In quantum physics, the scattering amplitude is the probability amplitude of the outgoing spherical wave relative to the incoming plane wave in a stationary-state scattering process.^[1] The plane wave is described by the wavefunction

\psi (\mathbf {r} )=e^{ikz}+f(\theta ){\frac {e^{ikr}}{r}}\;,

where $\mathbf {r} \equiv (x,y,z)$ is the position vector; $r\equiv |\mathbf {r} |$ ; $e^{ikz}$ is the incoming plane wave with the wavenumber $k$ along the $z$ axis; $e^{ikr}/r$ is the outgoing spherical wave; $θ$ is the scattering angle; and $f(\theta )$ is the scattering amplitude.

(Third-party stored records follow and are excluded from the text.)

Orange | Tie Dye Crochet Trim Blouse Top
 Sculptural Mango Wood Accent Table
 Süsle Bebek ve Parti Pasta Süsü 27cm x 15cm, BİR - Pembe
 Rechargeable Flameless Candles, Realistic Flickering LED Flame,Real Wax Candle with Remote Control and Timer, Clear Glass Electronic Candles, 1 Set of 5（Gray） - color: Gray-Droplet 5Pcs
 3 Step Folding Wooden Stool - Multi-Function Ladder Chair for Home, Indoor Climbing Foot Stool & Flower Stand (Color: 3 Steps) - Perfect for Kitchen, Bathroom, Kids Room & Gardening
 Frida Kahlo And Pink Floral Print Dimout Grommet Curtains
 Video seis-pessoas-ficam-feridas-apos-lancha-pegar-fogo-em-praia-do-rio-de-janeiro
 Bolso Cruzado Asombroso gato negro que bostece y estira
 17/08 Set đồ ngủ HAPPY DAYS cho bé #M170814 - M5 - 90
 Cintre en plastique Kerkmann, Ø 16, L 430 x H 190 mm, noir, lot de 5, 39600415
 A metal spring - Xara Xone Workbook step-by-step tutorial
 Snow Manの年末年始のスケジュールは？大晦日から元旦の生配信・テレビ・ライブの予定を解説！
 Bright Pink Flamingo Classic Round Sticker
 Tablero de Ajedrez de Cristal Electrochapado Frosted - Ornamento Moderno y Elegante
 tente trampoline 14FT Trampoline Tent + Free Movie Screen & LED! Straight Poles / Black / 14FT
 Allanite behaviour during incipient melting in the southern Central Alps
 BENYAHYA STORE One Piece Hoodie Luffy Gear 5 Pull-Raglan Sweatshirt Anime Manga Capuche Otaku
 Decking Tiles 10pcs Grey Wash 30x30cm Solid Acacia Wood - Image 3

The dimension of the scattering amplitude is length.

The scattering amplitude is a probability amplitude; the differential cross-section as a function of scattering angle is given as its modulus squared,

{\frac {d\sigma }{d\Omega }}=|f(\theta )|^{2}\;.

X-rays[]

The scattering length for X-rays is the Thomson scattering length or classical electron radius, $r$ ₀.

Neutrons[]

The nuclear neutron scattering process involves the coherent neutron scattering length, often described by $b$ .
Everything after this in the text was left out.